-- Opening Marker --
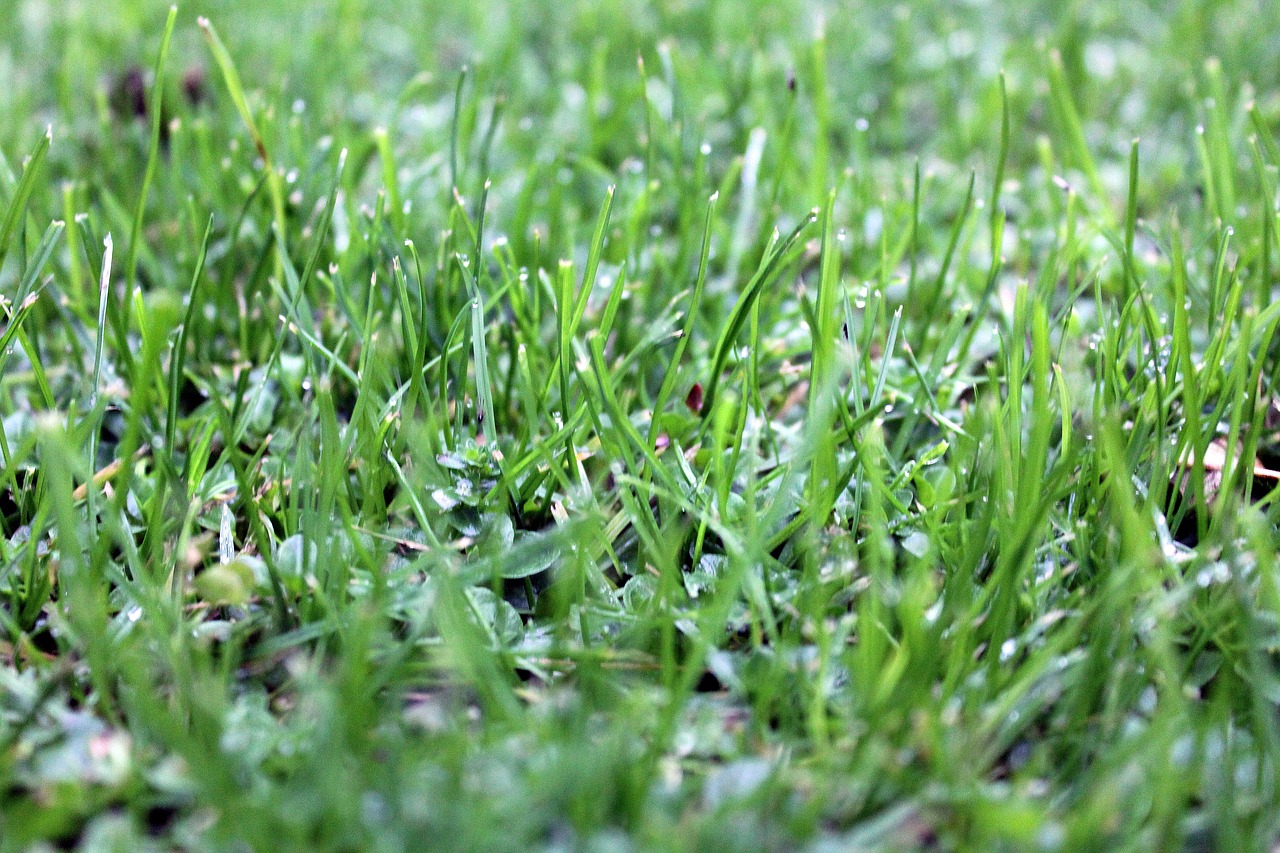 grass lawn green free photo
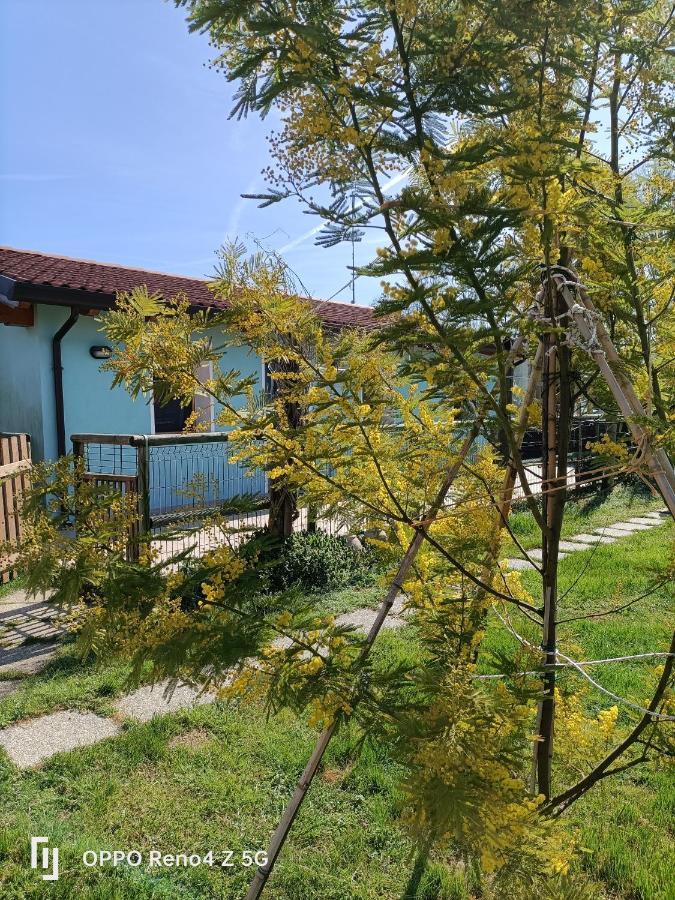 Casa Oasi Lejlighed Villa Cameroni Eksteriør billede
-- Closing Marker --
-- Opening Marker --
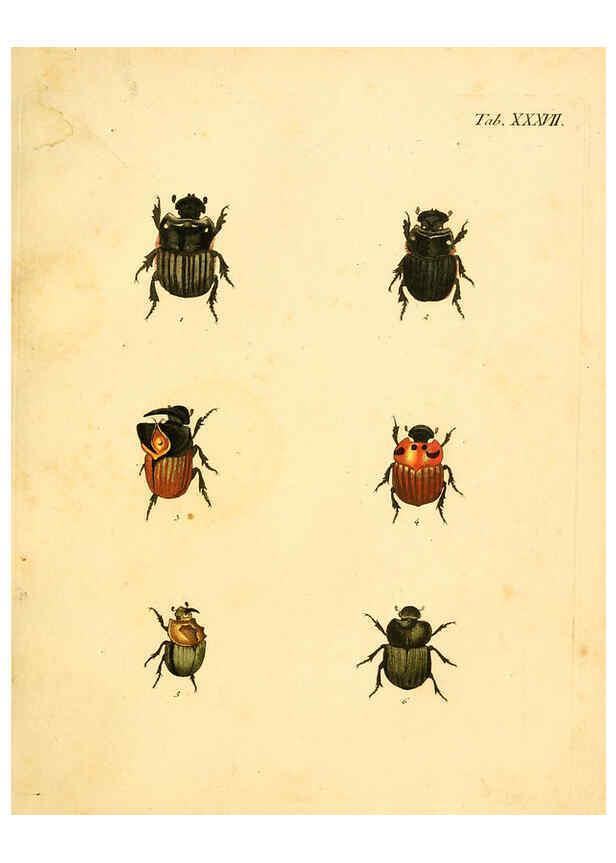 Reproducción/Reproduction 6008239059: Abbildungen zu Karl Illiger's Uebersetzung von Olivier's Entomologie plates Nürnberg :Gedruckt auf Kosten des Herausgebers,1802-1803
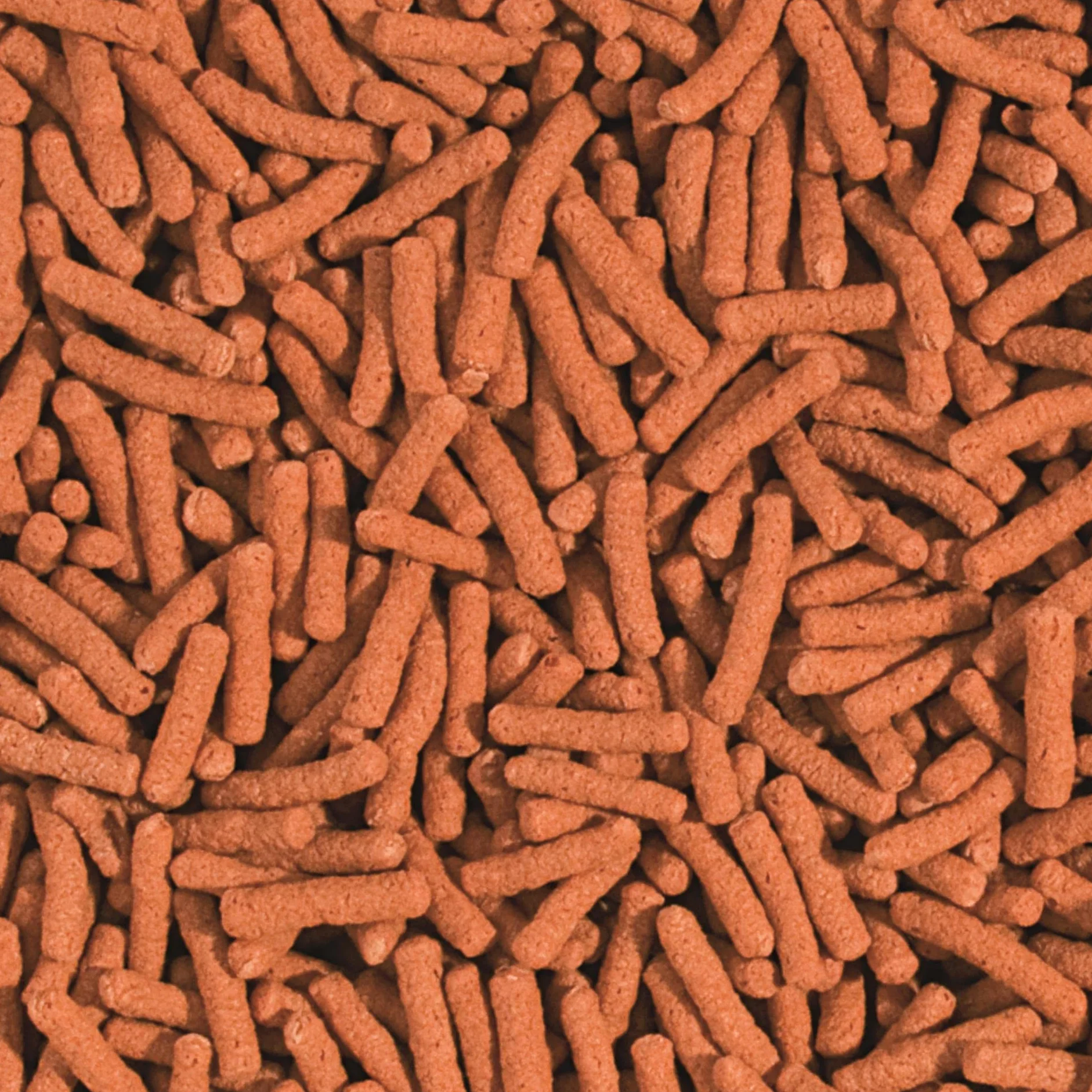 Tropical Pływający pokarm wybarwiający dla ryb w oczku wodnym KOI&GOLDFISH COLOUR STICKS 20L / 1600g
-- Closing Marker --
-- Opening Marker --
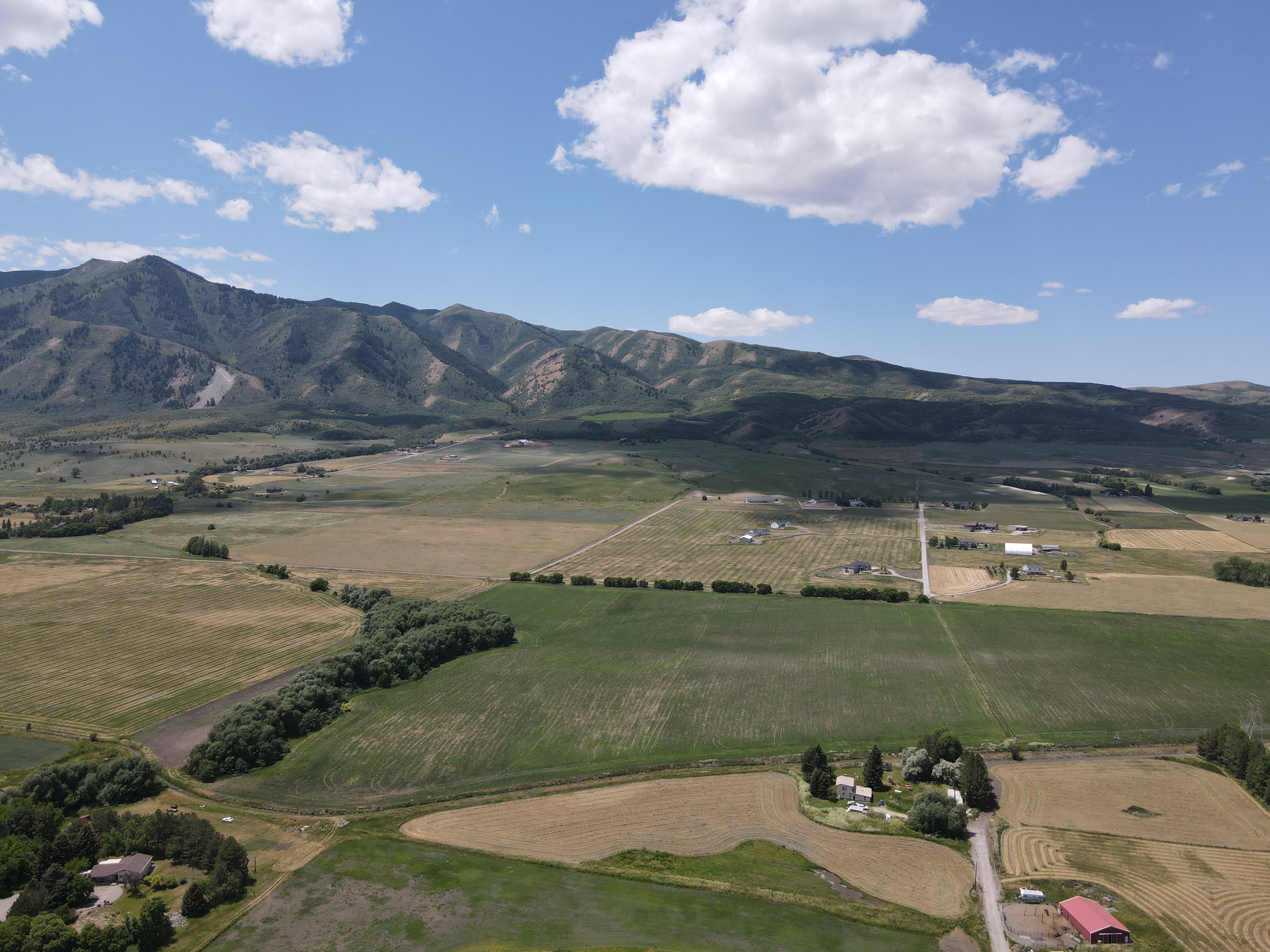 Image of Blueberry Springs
-- Closing Marker --
- [AIM OF THE EXERCISE]
Only the lines starting at the one with "Reproducción/Reproduction 6008239059: Abbildungen" and ending at the one with "Tropical Pływający pokarm" should be printed, each exactly as it appears in the material above; the pictures are to be omitted.

- [RESPONSE BELOW]
 Reproducción/Reproduction 6008239059: Abbildungen zu Karl Illiger's Uebersetzung von Olivier's Entomologie plates Nürnberg :Gedruckt auf Kosten des Herausgebers,1802-1803
 Tropical Pływający pokarm wybarwiający dla ryb w oczku wodnym KOI&GOLDFISH COLOUR STICKS 20L / 1600g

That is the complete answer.